There are three new musical reasons to visit The Tennessee State Museum.
They are Grand Ole Opry star Steve Wariner, photographer Russ Harrington, and the late dulcimer virtuoso David Schnaufer (1952-2006). An exhibit titled “Three-Part Harmony” showcases the trio in dedicated spaces to each on the museum’s lower level.
As you enter, Harrington’s exhibit comes first. Titled “Shooting Stars,” it features more than 60 oversize prints of some of the celebrities he has shot. The portraits include Brad Paisley, Brooks & Dunn, Martina McBride, Trace Adkins, Jamey Johnson, Taylor Swift, Keith Urban, Grace Potter, Tim McGraw, Johnny Paycheck and Alison Krauss with Robert Plant.
Some of them hang next to the costumes the stars are wearing in the photos. These include Loretta Lynn’s Van Lear Rose ball gown, Alan Jackson’s western duds and Reba McEntire’s black jersey outfit. Rhonda Vincent’s portrait is next to both her lime-green cocktail dress and her mandolin.

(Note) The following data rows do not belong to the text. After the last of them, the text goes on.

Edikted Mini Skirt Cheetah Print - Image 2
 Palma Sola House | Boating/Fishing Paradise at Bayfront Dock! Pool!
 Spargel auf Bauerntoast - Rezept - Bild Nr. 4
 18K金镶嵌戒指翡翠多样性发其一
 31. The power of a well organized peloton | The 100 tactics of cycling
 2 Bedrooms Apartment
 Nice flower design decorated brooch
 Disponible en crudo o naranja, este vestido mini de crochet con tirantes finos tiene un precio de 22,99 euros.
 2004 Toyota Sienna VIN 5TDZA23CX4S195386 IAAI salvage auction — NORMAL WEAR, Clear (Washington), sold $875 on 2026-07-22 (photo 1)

One of Brian Setzer’s electric guitars is hung alongside his images.
Harrington, who is a Nashville native and an MTSU grad, seems especially good with female subjects. Faith Hill, Kellie Pickler, Sara Evans, Carrie Underwood, Miranda Lambert, Lorrie Morgan and Dolly Parton have seldom looked lovelier than they do through his lens. His breakthrough music subject was Trisha Yearwood.
The photographer has more than 500 album jackets to his credit. This exhibit shows you why.
“Wariner’s Watercolors” is the first major exhibit devoted to guitar-great Steve Wariner’s skills as a visual artist. He has a gentle touch as a draftsman. Watercolor is a difficult medium to work in, but the musician has made it his own.
My favorites were the tiny landscapes. How does he do that? How does he do that so well?
Also striking are his pen-and-ink studies of musicians. Again, many of these are on a small scale.
“It’s something that takes me away from music,” Steve commented about his artwork. “I’ll be working hard in the studio for two or three days at a time, and then I’ll take a day off to go and paint. It’s a wonderful distraction for me in a lot of ways.”
Added a grateful Steve about the Tennessee State Museum show, “This is truly a first for me.” It is, indeed, his first major exhibition.
“David’s Dulcimers” is the subject of the third installation.
Shortly before his death in 2006, David Schnaufer donated his collection of the instruments to the State Museum. They range from the rectangular instruments called Tennessee music boxes to hourglass-shaped Appalachian dulcimers, from a hammered dulcimer from 1840 to modern, custom-carved examples.
In addition to the instruments, the exhibit includes photos of Schnaufer with some of the stars with whom he recorded or collaborated. These include Emmylou Harris, Cyndi Lauper, Johnny Cash & June Carter, Mark Knopfler, The Cactus Brothers and Jean Ritchie.
The exhibit preview party took place on Thursday evening (Oct. 10). Getting an early glimpse were Manuel, Martha Moore, Denise Stiff & Steve Sheehan, Don Light, Hank Adam Locklin, Jo Walker Meador, Justin Levenson, Debi Tate, David Ezell, Renee White, Butch Tatum, Kay West, Steve Williams, Scott Stem, Neil Pond, Leigh Hendry and Guy Gilchrist.
We sampled cocktails and hors d’oeuvres including turkey sliders, ham loaf on biscuits, roasted squash and sweet-potato salad. Yum, yum.
“Three-Part Harmony” opens today (Friday, Oct. 11), at The Tennessee State Museum. If you’ve never been there, the museum is situated beneath the TPAC theaters.
Three things. First, this Nashville treasure is always free to the public, all the time. Second, you should visit it even when there isn’t musical stuff to experience. Third, become a member and support this outstanding institution with donations.
That’s how you get invited to cool parties like this. Plus, you get to hang with groovy executive director and hostess with the most-est Lois Riggins-Ezell.